By Jonathan Spicer
NEW YORK (Reuters) – The Federal Reserve is pushing ahead with gradual rate-hike plans next month as it marches toward a more normal policy stance that would keep the economy expanding, one of its most influential members said on Monday in the face of growing doubts in financial markets.
New York Fed President John Williams (NYSE:), a close ally of Fed Chair Jerome Powell and a permanent voter on monetary policy, said repeatedly the U.S. economy and job market is “strong,” prompting employers to hire workers they otherwise would not.
His steady-as-she-goes comments suggest a hot domestic economy is in focus for the U.S. central bank’s core decision-makers, even while there are signs of a slowdown overseas. Irrespective, futures traders on Monday further trimmed bets of another interest-rate rise at the Fed’s Dec. 18-19 policy meeting.
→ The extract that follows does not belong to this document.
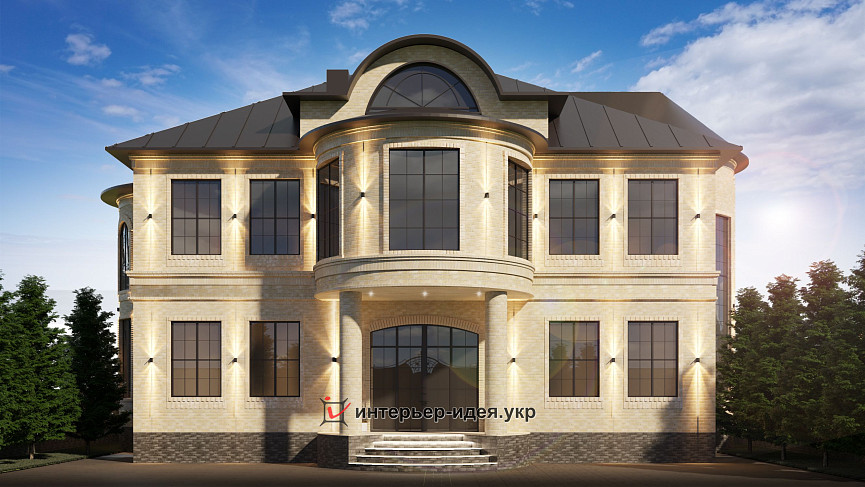 Дизайн фасаду будинку з гостьовим будиночком та будинком для охорони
“What we’re going to do over the next FOMC monetary policy meeting, we’re going to do what we’ve been doing as best we can – we’re going to find a … gradual path of the monetary policy back to a more normal level of interest rates,” said Williams of the Federal Open Market Committee meeting.
“Rates are still very low. We’ve raised them but they are still at a very low level,” he added at a New York City Hispanic Chamber of Commerce event in the Bronx. “We want to keep this expansion going as long as possible.”
In the face of 3.7 percent unemployment – the lowest since the 1960s – and economic growth running well above potential this year, the Fed has settled into a quarterly rate-hike cycle. Over the last couple of months, a rate hike in December was seen as all but a sure thing both in and outside of the Fed.
But recent data have suggested growth is slowing in China, Germany and elsewhere as rising U.S. trade tariffs begin to pinch the global economy. This prompted some investors to question how long the Fed can continue tightening its policy. The doubts have left the probability of a rate hike in December at only 65 percent, according to CME Group’s FedWatch program.
Traders have priced in about a 35 percent likelihood of two rate hikes next year, down from 57 percent a week ago. That compares to Fed policymakers’ forecasts from September that pointed to three hikes in 2019.
While a couple of central bankers expressed some caution last week, most, including Powell and now Williams, paved the way to more policy tightening as planned.
“This is an economy that has lots of unmet needs in the healthcare and education sectors,” Williams said at the Bronx Museum of the Arts after visiting a nearby center that trains people for jobs in technology. “It is not starved of jobs,” he said of the labor market.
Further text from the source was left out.